TASK OBJECTIVE: Would you output each record exactly as it stands?

GIVEN INFORMATION:
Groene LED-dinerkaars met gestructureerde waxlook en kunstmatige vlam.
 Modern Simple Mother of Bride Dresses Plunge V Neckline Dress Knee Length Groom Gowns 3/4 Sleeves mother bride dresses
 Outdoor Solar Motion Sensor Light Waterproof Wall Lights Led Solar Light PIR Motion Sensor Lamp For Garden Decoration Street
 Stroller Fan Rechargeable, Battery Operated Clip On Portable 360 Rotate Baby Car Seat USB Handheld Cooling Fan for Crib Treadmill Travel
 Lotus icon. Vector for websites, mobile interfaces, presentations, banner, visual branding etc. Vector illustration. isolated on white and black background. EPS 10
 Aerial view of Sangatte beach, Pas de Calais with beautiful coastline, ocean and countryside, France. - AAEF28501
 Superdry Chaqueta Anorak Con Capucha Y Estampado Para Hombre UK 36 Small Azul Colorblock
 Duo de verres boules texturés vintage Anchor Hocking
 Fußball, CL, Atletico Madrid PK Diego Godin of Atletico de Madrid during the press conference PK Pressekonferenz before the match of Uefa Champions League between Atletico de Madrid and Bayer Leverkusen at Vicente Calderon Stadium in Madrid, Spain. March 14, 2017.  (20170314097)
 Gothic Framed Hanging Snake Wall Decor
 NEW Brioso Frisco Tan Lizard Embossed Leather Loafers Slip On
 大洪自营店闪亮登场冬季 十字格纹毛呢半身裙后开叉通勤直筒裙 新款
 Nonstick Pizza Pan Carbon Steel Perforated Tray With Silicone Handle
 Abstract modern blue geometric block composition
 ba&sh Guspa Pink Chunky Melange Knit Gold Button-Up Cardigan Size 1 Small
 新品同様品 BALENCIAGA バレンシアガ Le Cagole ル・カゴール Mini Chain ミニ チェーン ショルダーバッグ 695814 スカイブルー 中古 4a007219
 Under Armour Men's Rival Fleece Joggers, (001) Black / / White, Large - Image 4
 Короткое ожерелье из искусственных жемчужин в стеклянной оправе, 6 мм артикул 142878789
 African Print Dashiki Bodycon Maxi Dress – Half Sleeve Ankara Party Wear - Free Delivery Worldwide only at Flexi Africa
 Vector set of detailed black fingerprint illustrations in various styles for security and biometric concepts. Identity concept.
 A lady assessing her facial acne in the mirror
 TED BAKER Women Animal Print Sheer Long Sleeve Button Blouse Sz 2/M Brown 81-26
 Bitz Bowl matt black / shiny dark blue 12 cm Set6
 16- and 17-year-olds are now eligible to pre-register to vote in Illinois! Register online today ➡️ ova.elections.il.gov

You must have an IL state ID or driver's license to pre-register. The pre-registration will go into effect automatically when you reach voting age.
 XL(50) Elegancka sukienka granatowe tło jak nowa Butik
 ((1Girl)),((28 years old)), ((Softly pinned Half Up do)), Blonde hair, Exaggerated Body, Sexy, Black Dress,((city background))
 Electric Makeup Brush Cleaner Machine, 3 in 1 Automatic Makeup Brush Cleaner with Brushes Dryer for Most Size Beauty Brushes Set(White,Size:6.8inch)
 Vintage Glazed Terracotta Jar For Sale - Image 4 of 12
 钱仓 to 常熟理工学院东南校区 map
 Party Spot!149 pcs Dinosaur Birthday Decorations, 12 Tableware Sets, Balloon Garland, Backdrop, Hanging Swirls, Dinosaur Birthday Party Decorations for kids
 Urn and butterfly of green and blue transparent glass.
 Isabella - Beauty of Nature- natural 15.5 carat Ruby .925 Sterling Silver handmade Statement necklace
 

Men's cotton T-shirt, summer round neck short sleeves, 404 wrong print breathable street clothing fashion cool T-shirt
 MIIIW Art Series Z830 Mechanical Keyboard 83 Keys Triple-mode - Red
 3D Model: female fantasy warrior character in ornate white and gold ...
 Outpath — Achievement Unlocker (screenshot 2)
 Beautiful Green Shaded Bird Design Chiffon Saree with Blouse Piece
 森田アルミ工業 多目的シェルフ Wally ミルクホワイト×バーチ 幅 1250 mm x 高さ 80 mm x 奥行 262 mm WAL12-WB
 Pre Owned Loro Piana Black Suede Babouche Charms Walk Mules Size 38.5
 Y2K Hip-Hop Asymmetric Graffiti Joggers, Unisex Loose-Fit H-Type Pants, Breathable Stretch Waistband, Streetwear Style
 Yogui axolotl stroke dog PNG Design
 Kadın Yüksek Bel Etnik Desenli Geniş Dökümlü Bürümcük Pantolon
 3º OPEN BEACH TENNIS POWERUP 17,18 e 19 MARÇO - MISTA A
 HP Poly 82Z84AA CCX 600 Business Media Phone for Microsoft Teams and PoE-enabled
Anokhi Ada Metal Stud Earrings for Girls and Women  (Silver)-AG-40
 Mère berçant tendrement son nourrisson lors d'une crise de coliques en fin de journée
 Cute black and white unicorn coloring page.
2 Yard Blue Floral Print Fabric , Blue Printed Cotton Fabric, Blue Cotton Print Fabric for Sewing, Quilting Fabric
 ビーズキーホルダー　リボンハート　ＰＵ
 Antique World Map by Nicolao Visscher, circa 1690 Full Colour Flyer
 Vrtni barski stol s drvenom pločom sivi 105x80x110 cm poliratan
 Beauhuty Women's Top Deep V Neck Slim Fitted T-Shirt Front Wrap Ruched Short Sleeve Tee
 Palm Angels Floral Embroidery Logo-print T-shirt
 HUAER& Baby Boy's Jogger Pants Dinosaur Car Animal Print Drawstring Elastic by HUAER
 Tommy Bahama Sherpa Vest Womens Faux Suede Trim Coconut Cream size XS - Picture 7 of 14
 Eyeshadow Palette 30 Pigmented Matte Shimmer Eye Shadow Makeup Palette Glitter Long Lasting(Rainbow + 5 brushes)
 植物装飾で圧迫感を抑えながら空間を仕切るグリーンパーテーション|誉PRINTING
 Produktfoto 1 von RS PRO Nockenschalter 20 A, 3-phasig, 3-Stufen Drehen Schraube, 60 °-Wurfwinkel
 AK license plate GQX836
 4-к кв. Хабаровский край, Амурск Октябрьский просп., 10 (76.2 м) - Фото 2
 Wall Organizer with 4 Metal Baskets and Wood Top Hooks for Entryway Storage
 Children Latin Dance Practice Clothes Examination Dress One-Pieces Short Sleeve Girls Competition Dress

ANSWER SPACE:
Groene LED-dinerkaars met gestructureerde waxlook en kunstmatige vlam.
 Modern Simple Mother of Bride Dresses Plunge V Neckline Dress Knee Length Groom Gowns 3/4 Sleeves mother bride dresses
 Outdoor Solar Motion Sensor Light Waterproof Wall Lights Led Solar Light PIR Motion Sensor Lamp For Garden Decoration Street
 Stroller Fan Rechargeable, Battery Operated Clip On Portable 360 Rotate Baby Car Seat USB Handheld Cooling Fan for Crib Treadmill Travel
 Lotus icon. Vector for websites, mobile interfaces, presentations, banner, visual branding etc. Vector illustration. isolated on white and black background. EPS 10
 Aerial view of Sangatte beach, Pas de Calais with beautiful coastline, ocean and countryside, France. - AAEF28501
 Superdry Chaqueta Anorak Con Capucha Y Estampado Para Hombre UK 36 Small Azul Colorblock
 Duo de verres boules texturés vintage Anchor Hocking
 Fußball, CL, Atletico Madrid PK Diego Godin of Atletico de Madrid during the press conference PK Pressekonferenz before the match of Uefa Champions League between Atletico de Madrid and Bayer Leverkusen at Vicente Calderon Stadium in Madrid, Spain. March 14, 2017.  (20170314097)
 Gothic Framed Hanging Snake Wall Decor
 NEW Brioso Frisco Tan Lizard Embossed Leather Loafers Slip On
 大洪自营店闪亮登场冬季 十字格纹毛呢半身裙后开叉通勤直筒裙 新款
 Nonstick Pizza Pan Carbon Steel Perforated Tray With Silicone Handle
 Abstract modern blue geometric block composition
 ba&sh Guspa Pink Chunky Melange Knit Gold Button-Up Cardigan Size 1 Small
 新品同様品 BALENCIAGA バレンシアガ Le Cagole ル・カゴール Mini Chain ミニ チェーン ショルダーバッグ 695814 スカイブルー 中古 4a007219
 Under Armour Men's Rival Fleece Joggers, (001) Black / / White, Large - Image 4
 Короткое ожерелье из искусственных жемчужин в стеклянной оправе, 6 мм артикул 142878789
 African Print Dashiki Bodycon Maxi Dress – Half Sleeve Ankara Party Wear - Free Delivery Worldwide only at Flexi Africa
 Vector set of detailed black fingerprint illustrations in various styles for security and biometric concepts. Identity concept.
 A lady assessing her facial acne in the mirror
 TED BAKER Women Animal Print Sheer Long Sleeve Button Blouse Sz 2/M Brown 81-26
 Bitz Bowl matt black / shiny dark blue 12 cm Set6
 16- and 17-year-olds are now eligible to pre-register to vote in Illinois! Register online today ➡️ ova.elections.il.gov

You must have an IL state ID or driver's license to pre-register. The pre-registration will go into effect automatically when you reach voting age.
 XL(50) Elegancka sukienka granatowe tło jak nowa Butik
 ((1Girl)),((28 years old)), ((Softly pinned Half Up do)), Blonde hair, Exaggerated Body, Sexy, Black Dress,((city background))
 Electric Makeup Brush Cleaner Machine, 3 in 1 Automatic Makeup Brush Cleaner with Brushes Dryer for Most Size Beauty Brushes Set(White,Size:6.8inch)
 Vintage Glazed Terracotta Jar For Sale - Image 4 of 12
 钱仓 to 常熟理工学院东南校区 map
 Party Spot!149 pcs Dinosaur Birthday Decorations, 12 Tableware Sets, Balloon Garland, Backdrop, Hanging Swirls, Dinosaur Birthday Party Decorations for kids
 Urn and butterfly of green and blue transparent glass.
 Isabella - Beauty of Nature- natural 15.5 carat Ruby .925 Sterling Silver handmade Statement necklace
 

Men's cotton T-shirt, summer round neck short sleeves, 404 wrong print breathable street clothing fashion cool T-shirt
 MIIIW Art Series Z830 Mechanical Keyboard 83 Keys Triple-mode - Red
 3D Model: female fantasy warrior character in ornate white and gold ...
 Outpath — Achievement Unlocker (screenshot 2)
 Beautiful Green Shaded Bird Design Chiffon Saree with Blouse Piece
 森田アルミ工業 多目的シェルフ Wally ミルクホワイト×バーチ 幅 1250 mm x 高さ 80 mm x 奥行 262 mm WAL12-WB
 Pre Owned Loro Piana Black Suede Babouche Charms Walk Mules Size 38.5
 Y2K Hip-Hop Asymmetric Graffiti Joggers, Unisex Loose-Fit H-Type Pants, Breathable Stretch Waistband, Streetwear Style
 Yogui axolotl stroke dog PNG Design
 Kadın Yüksek Bel Etnik Desenli Geniş Dökümlü Bürümcük Pantolon
 3º OPEN BEACH TENNIS POWERUP 17,18 e 19 MARÇO - MISTA A
 HP Poly 82Z84AA CCX 600 Business Media Phone for Microsoft Teams and PoE-enabled
Anokhi Ada Metal Stud Earrings for Girls and Women  (Silver)-AG-40
 Mère berçant tendrement son nourrisson lors d'une crise de coliques en fin de journée
 Cute black and white unicorn coloring page.
2 Yard Blue Floral Print Fabric , Blue Printed Cotton Fabric, Blue Cotton Print Fabric for Sewing, Quilting Fabric
 ビーズキーホルダー　リボンハート　ＰＵ
 Antique World Map by Nicolao Visscher, circa 1690 Full Colour Flyer
 Vrtni barski stol s drvenom pločom sivi 105x80x110 cm poliratan
 Beauhuty Women's Top Deep V Neck Slim Fitted T-Shirt Front Wrap Ruched Short Sleeve Tee
 Palm Angels Floral Embroidery Logo-print T-shirt
 HUAER& Baby Boy's Jogger Pants Dinosaur Car Animal Print Drawstring Elastic by HUAER
 Tommy Bahama Sherpa Vest Womens Faux Suede Trim Coconut Cream size XS - Picture 7 of 14
 Eyeshadow Palette 30 Pigmented Matte Shimmer Eye Shadow Makeup Palette Glitter Long Lasting(Rainbow + 5 brushes)
 植物装飾で圧迫感を抑えながら空間を仕切るグリーンパーテーション|誉PRINTING
 Produktfoto 1 von RS PRO Nockenschalter 20 A, 3-phasig, 3-Stufen Drehen Schraube, 60 °-Wurfwinkel
 AK license plate GQX836
 4-к кв. Хабаровский край, Амурск Октябрьский просп., 10 (76.2 м) - Фото 2
 Wall Organizer with 4 Metal Baskets and Wood Top Hooks for Entryway Storage
 Children Latin Dance Practice Clothes Examination Dress One-Pieces Short Sleeve Girls Competition Dress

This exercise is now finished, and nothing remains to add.